Alors que se profile une guerre commerciale au long cours avec les États-Unis, les autorités de Beijing regrettent une « provocation » qui va à rebours des discours de coopération prononcés ces derniers mois.
Beijing n’a pas tardé à réagir à l’annonce du projet français visant à taxer plus lourdement les vêtements dits de « fast fashion ». La proposition de loi, portée par la députée Anne-Cécile Violland et soutenue par le gouvernement, prévoit d’imposer un malus environnemental pouvant aller jusqu’à 10 euros par article, soit une hausse de près de 50 % du prix pour certains vêtements à bas coût. Si l’initiative vise officiellement à lutter contre les dérives environnementales et sociales du modèle de consommation rapide de la mode, elle suscite l’ire des autorités chinoises.

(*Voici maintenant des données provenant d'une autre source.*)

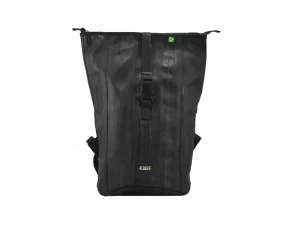 George M upcycled backpack recycled bags 79c Rebago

Dans un contexte de tensions commerciales mondiales accrues, la Chine dénonce un « protectionnisme déguisé » de la part de Paris. Le Global Times, média d’État chinois, s’est fait l’écho du mécontentement des industriels et des autorités. « Cette proposition de loi aura un impact direct sur les exportations de textile chinois vers la France et l’Union européenne », prévient Xu Yingxin, vice-président de la China National Textile and Apparel Council (CNTAC), dans les colonnes du quotidien. Beijing redoute de voir ce type de mesures faire tache d’huile dans d’autres pays européens, sur fond de durcissement global des régulations commerciales.
Le sujet est d’autant plus sensible que la Chine reste le premier fournisseur textile de la France et de l’Union européenne. En 2023, les importations françaises de vêtements et accessoires en provenance de Chine ont représenté plus de 30 % du total, selon les douanes françaises. Un alourdissement des taxes pourrait affecter un secteur qui emploie des millions de personnes en Chine, particulièrement dans les provinces côtières comme le Guangdong ou le Zhejiang.
Signe de l’importance du dossier, le ministère chinois du Commerce a officiellement exprimé sa « vive préoccupation » et appelé la France à respecter les principes du libre-échange. Dans une déclaration relayée par l’agence Xinhua, le ministère souligne que la Chine « espère voir la France respecter l’esprit de coopération prôné dans le partenariat stratégique global sino-français » et demande à Paris de « créer un environnement commercial équitable et non discriminatoire ».
Au-delà de l’aspect économique, les autorités chinoises s’agacent du timing de cette initiative, alors même que Paris et Beijing multiplient les échanges diplomatiques. Le président Emmanuel Macron avait insisté lors de sa visite en Chine en avril 2023 sur la nécessité de renforcer le dialogue économique. De leur côté, les dirigeants chinois avaient salué la France comme un partenaire stable au sein de l’Union européenne. « Cette mesure apparaît comme une provocation gratuite », déplore un diplomate chinois cité par l’agence Chine Nouvelle.
De nombreux analystes chinois redoutent également un effet boule de neige. Selon une note du China Daily, certains parlementaires allemands et néerlandais suivraient avec attention les débats en France et pourraient s’en inspirer pour durcir leurs propres législations sur la mode jetable. Si une telle dynamique devait se concrétiser, c’est l’ensemble du modèle exportateur chinois qui en serait fragilisé.
Les milieux d’affaires chinois plaident donc pour une désescalade. Lors d’un récent forum organisé à Shanghai par le CNTAC, plusieurs grands groupes du textile ont appelé à privilégier la concertation. « Nous comprenons les préoccupations environnementales légitimes, mais elles ne doivent pas se traduire par des barrières déguisées », a souligné Lin Yunfeng, président de la China Textile Commerce Association. Beijing espère encore peser sur les discussions parlementaires avant l’adoption définitive de la loi prévue courant 2025.
En France, le gouvernement assume pour l’instant pleinement le projet. Dans l’entourage du ministre de la Transition écologique, on défend « une mesure indispensable pour responsabiliser l’offre et la demande », rappelant que l’industrie textile est l’une des plus polluantes au monde. Reste que le dossier est désormais éminemment politique et symbolique, à l’heure où la Chine et l’Union européenne cherchent à préserver tant bien que mal leurs relations économiques face aux remous géopolitiques et à la pression américaine.